While he worked on the marble bust, Bernini also created two identical bronze casts of the bust. These are currently on display in the Musée Jacquemart-André in Paris, France, and in the Carnegie Museum of Art in Pittsburgh, Pennsylvania, USA. It is generally believed that the two bronze busts were created as replicas, but recent studies seem to show that the bronze bust in Paris was a first specimen, chiselled by Bernini, and destined for a leading Roman collector.

==Provenance==
The bust was only rediscovered as an authentic work by Bernini in the 1980s. It had been in the hands of an English nobleman, and then an antiques dealer, before being recognised as a Bernini by Nicholas Meinertzhagen, a dealer in antiquarian books.
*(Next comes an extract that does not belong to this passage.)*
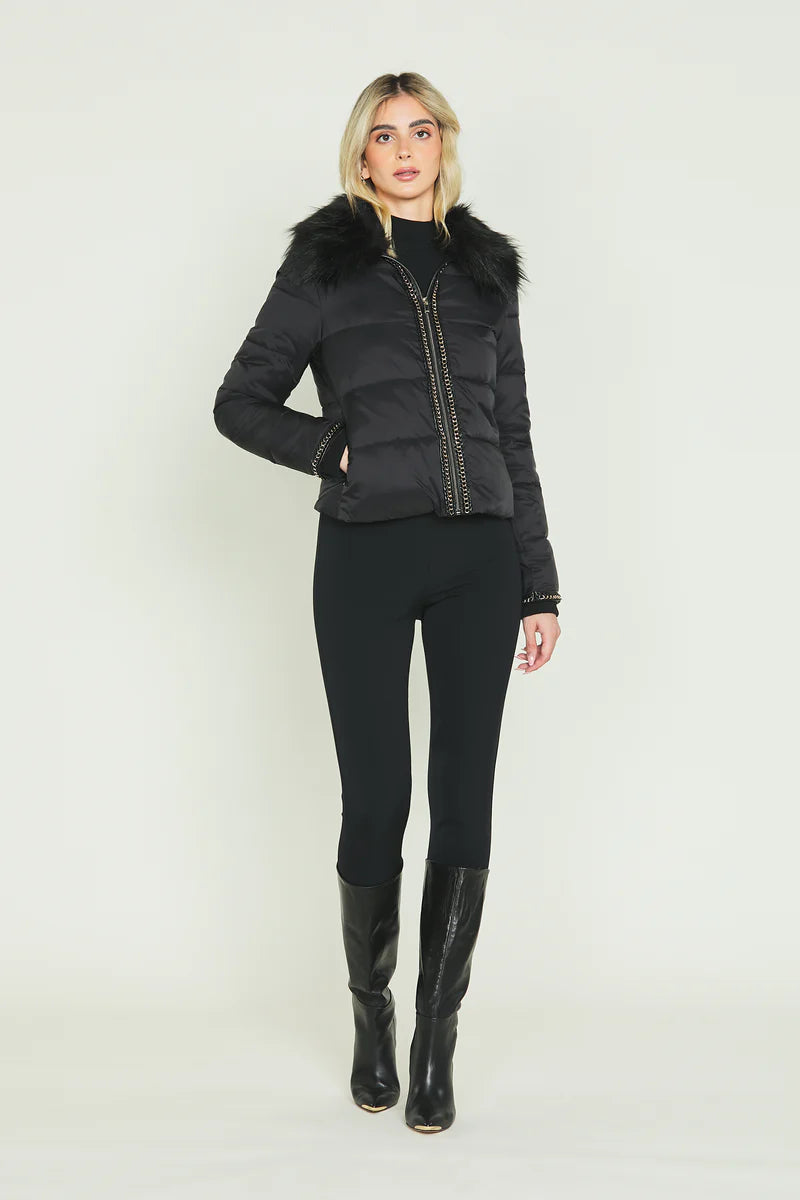 Piumino con catena nella zip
Meinertzhagen, who had purchased the bust around 1978 for £240, managed to sell it on at a price of £132,000. The next buyer, Norman Leitman, managed to achieve a much higher price when he sold it via the auctioneers Sotheby's to Canadian collectors Joey and Toby Tanenbaum in 1983 for £2.78 million—the price had risen dramatically after art historian Irving Lavin had commented that "In my opinion the bust is not only the original, it is wholly autograph (i.e. by the master's own hand) and one of the most perfect and important of Bernini's early works." The Tanenbaums then donated the piece to the Art Gallery of Ontario; however, the circumstances of the donation are not entirely clear. The Tanenbaums had tried to sell the piece at a 1990 Christie's auction for more than US$7 million—while bids at the auction reached US$6 million, the auction failed to reach the expected target and the bust was withdrawn from that sale.